Widzew wypełnił już niemal 20 procent limitu minut młodzieżowców w tym sezonie.
Aby nie płacić kary, każdy klub musi wypełnić w rozgrywkach limit 3000 minut. Jeśli tego nie zrobi, to zapłaci. Maksymalna grzywna to 3 miliony złotych, minimalna – 500 tysięcy złotych. Przepis w tej formie istnieje trzeci sezon i kluby już musiały robić przelewy. Dwa razy robił to np. Raków Częstochowa.
Widzew nie płacił i płacić nie zamierza. W tym sezonie, w sześciu kolejkach, młodzieżowcy w łódzkiej drużynie wypełnili już prawie 20 procent wymaganego limitu. Minuty zbiera przede wszystkim Kamil Cybulski, który już pięć razy wychodził w pierwszym składzie, ale dołożył się też Marcel Krajewski.

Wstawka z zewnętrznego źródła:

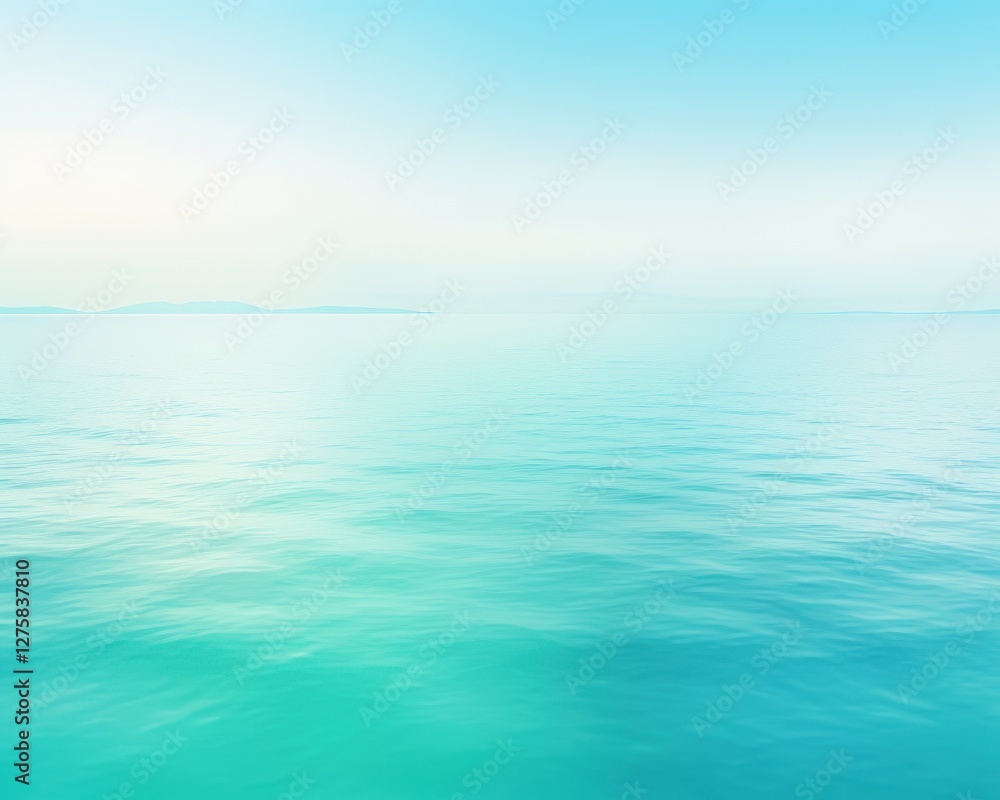 Fototapeta premium Calm sea background, peaceful horizon, ocean view, travel backdrop, water surface with soft gradient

W ostatnim meczu z Radomiakiem obaj wyszli w pierwszym składzie i to już drugi taki przypadek w tym sezonie. Tym razem Cybulski zszedł z boiska po godzinie gry, a Krajewski grał do końca. Widzew uzyskał więc 150 minut do limitu. W meczu z Cracovią w trzeciej kolejce były to 153 minuty. I to najlepszy wynik w tych rozgrywkach.
Najgorzej było w czwartej serii spotkań – w meczu ze Śląskiem Wrocław, kiedy w pierwszym składzie nie było żadnego młodzieżowca. Wtedy klub uzbierał jedynie 26 minut.
Ale w tej chwili wszystko jest pod kontrolą. Widzew wypełnił prawie 20 procent limitu. Jest ponad godzinę na plusie.
Najlepiej z tym w Koronie Kielce (ponad 46 procent) i Zagłębiu Lubin (prawie 34). Pod kreską są w GKS-ie Katowice, Cracovii oraz w Legii Warszawa, która przecież ma nowoczesną akademię piłkarską.